DSABook – Selecting a data structure

1.2 Selecting a data structure

It should go without saying that people write programs to solve problems. However, sometimes programmers forget this. So it is crucial to keep this truism in mind when selecting a data structure to solve a particular problem. Only by first analysing the problem to determine the performance goals that must be achieved can there be any hope of selecting the right data structure for the job. Poor program designers ignore this analysis step and apply a data structure that they are familiar with but which is inappropriate to the problem. The result is typically a slow program. Conversely, there is no sense in adopting a complex representation to “improve” a program that can meet its performance goals when implemented using a simpler design.

When selecting a data structure to solve a problem, you should follow these steps.

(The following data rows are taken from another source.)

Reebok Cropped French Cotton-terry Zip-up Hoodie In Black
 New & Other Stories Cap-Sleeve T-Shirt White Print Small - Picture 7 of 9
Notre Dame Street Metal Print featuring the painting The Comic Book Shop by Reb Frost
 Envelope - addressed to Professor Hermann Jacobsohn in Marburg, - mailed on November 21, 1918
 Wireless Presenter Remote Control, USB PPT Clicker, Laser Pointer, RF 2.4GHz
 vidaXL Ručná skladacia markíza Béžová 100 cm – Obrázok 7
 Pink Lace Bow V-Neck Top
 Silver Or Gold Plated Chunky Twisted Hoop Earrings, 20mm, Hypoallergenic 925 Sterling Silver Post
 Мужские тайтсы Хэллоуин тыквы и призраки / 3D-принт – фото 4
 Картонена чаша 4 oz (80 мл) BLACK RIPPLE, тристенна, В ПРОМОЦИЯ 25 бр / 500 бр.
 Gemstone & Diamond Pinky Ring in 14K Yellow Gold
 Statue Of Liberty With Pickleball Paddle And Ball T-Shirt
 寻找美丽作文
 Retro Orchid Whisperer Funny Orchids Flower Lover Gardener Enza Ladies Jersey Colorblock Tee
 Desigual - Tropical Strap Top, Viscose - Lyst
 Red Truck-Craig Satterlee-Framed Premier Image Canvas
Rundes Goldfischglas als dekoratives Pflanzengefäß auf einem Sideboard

Analyse your problem to determine the basic operations that must be supported. Examples of basic operations include inserting a data item into the data structure, deleting a data item from the data structure, and finding a specified data item.
Quantify the resource constraints for each operation.
Select the data structure that best meets these requirements.

This three-step approach to selecting a data structure operationalises a data-centered view of the design process. The first concern is for the data and the operations to be performed on them, the next concern is the representation of those data, and the final concern is the implementation of that representation.

Resource constraints on certain key operations, such as search, inserting data records, and deleting data records, normally drive the data structure selection process. Many issues relating to the relative importance of these operations are addressed by the following three questions, which you should ask yourself whenever you must choose a data structure.

Are all data items inserted into the data structure at the beginning, or are insertions interspersed with other operations? Static applications (where the data are loaded at the beginning and never change) typically get by with simpler data structures to get an efficient implementation, while dynamic applications often require something more complicated.
Can data items be deleted? If so, this will probably make the implementation more complicated.
Are all data items processed in some well-defined order, or is searching for specific data items allowed? Efficient search generally requires more complex data structures.

Each data structure has associated costs and benefits. In practice, it is hardly ever true that one data structure is better than another for use in all situations. If one data structure or algorithm is superior to another in all respects, the inferior one will usually have long been forgotten. For nearly every data structure and algorithm presented in this book, you will see examples of where it is the best choice. Some of the examples might surprise you.

A data structure requires a certain amount of space for each data item it stores, a certain amount of time to perform a single basic operation, and a certain amount of programming effort. Each problem has constraints on available space and time. Each solution to a problem makes use of the basic operations in some relative proportion, and the data structure selection process must account for this. Only after a careful analysis of your problem’s characteristics can you determine the best data structure for the task.